What the exercise asks ▸
Could you copy exactly the lines below from the one with "Dart Conex C-Cup" to the one with "Grey and Red", inclusive, leaving out any pictures?

Records provided ▸
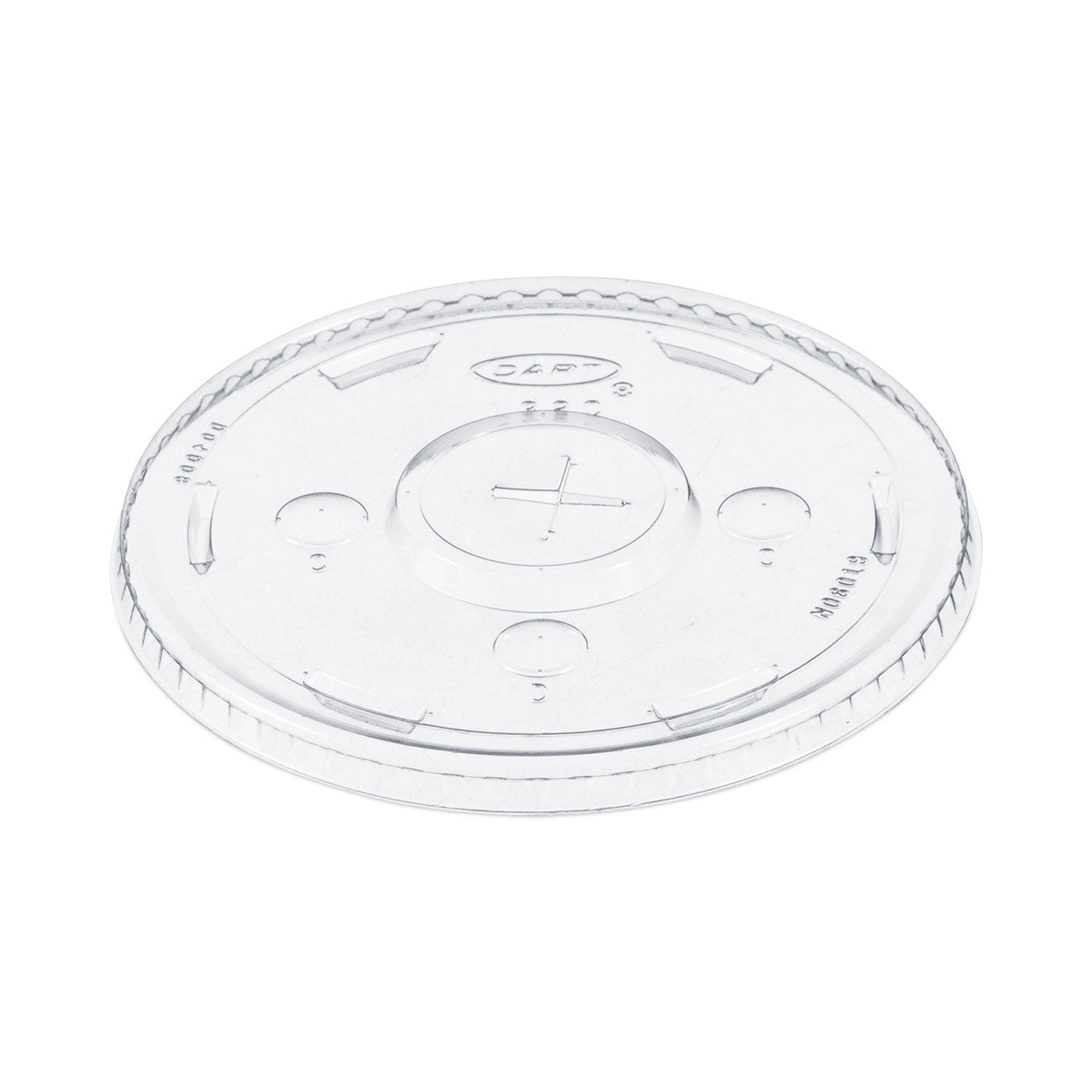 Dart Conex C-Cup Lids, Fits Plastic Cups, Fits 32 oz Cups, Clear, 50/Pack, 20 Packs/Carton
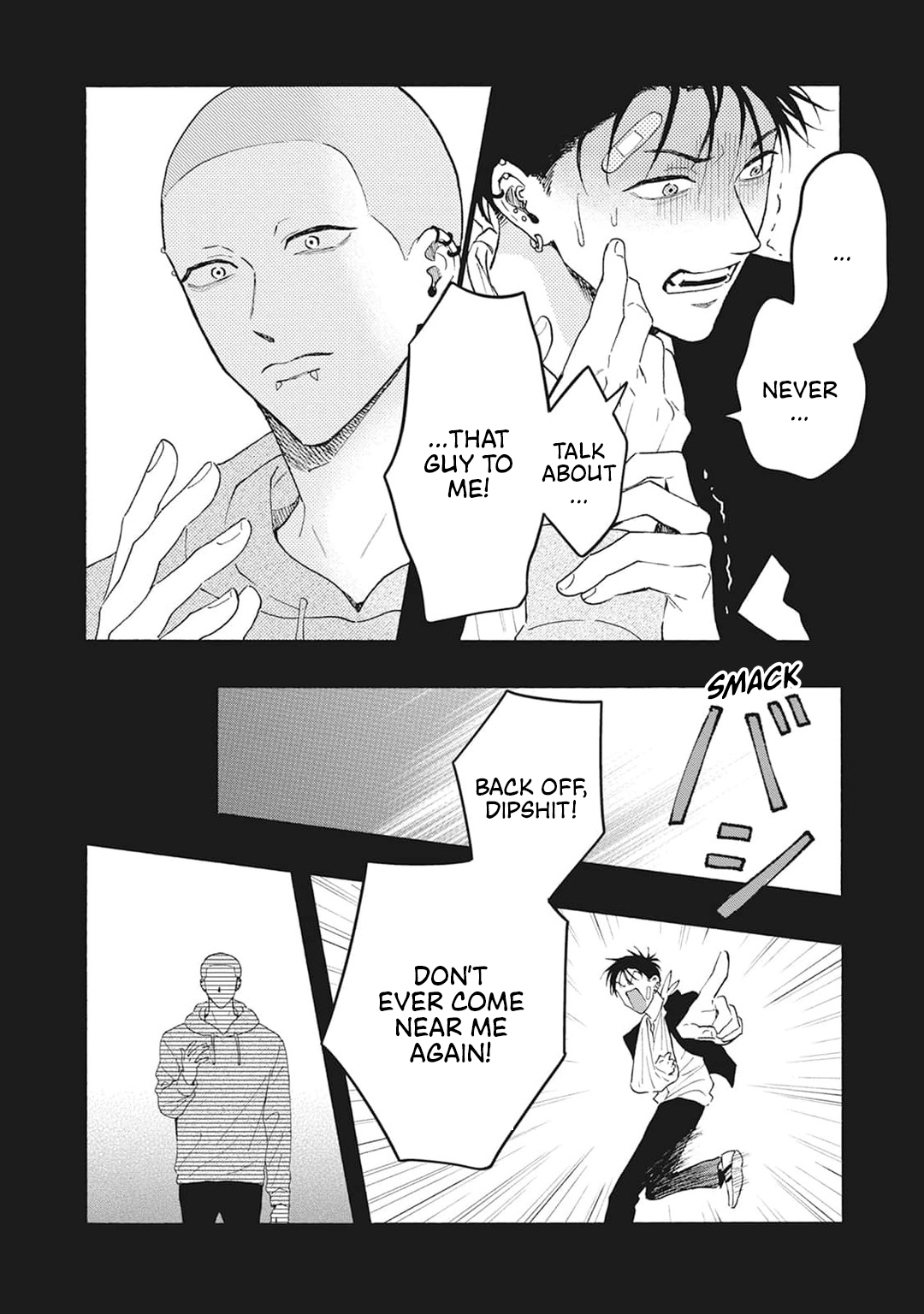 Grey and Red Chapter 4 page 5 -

--

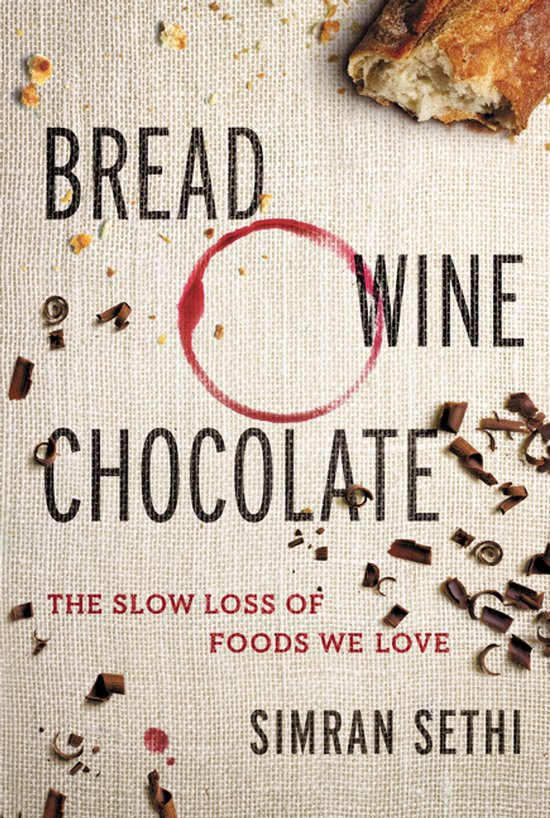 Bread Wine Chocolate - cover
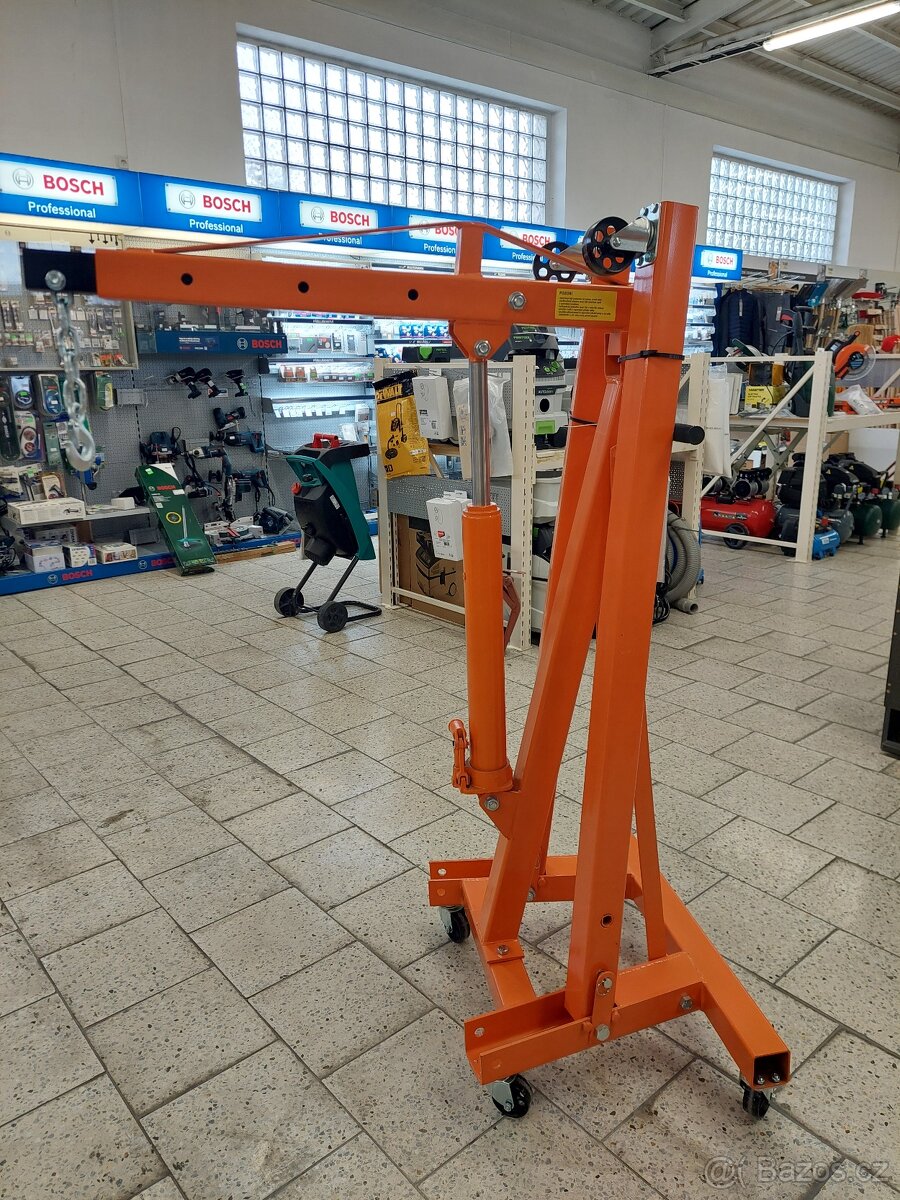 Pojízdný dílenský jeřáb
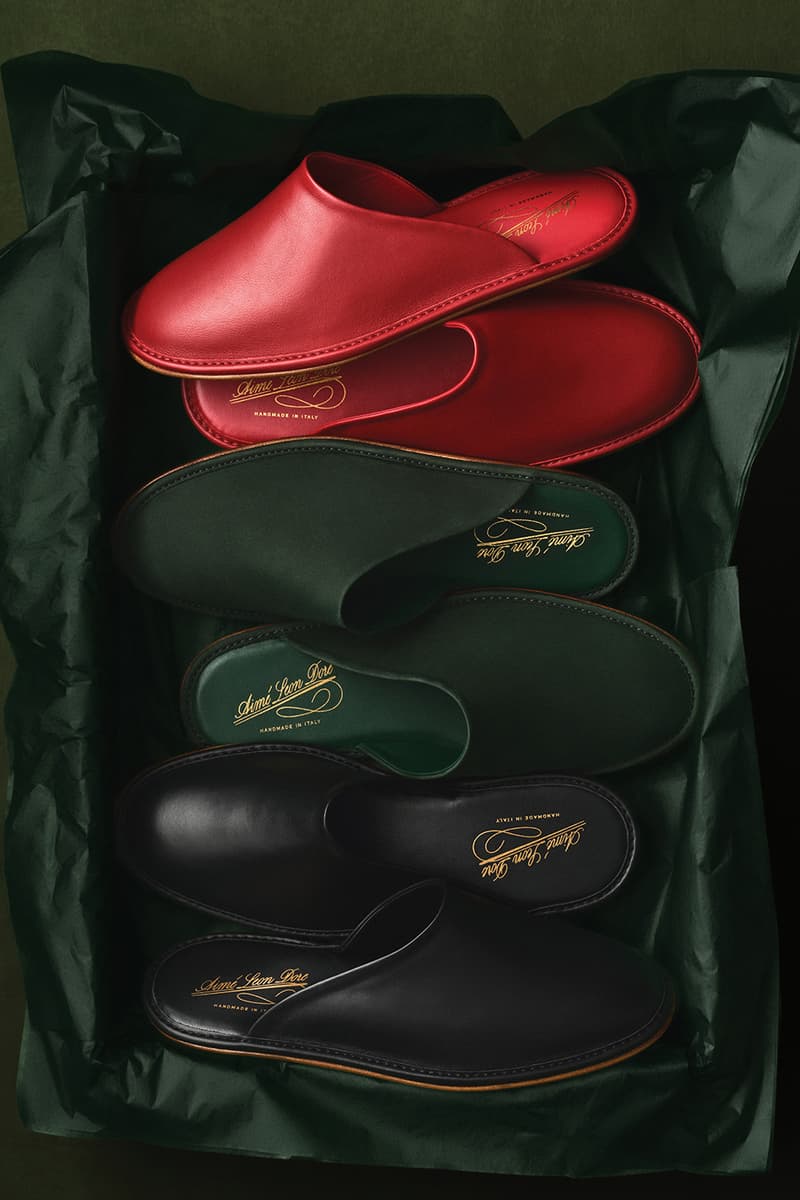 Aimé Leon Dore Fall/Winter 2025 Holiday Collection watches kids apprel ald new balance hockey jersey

The completed task ▸
 Dart Conex C-Cup Lids, Fits Plastic Cups, Fits 32 oz Cups, Clear, 50/Pack, 20 Packs/Carton
 Grey and Red Chapter 4 page 5 -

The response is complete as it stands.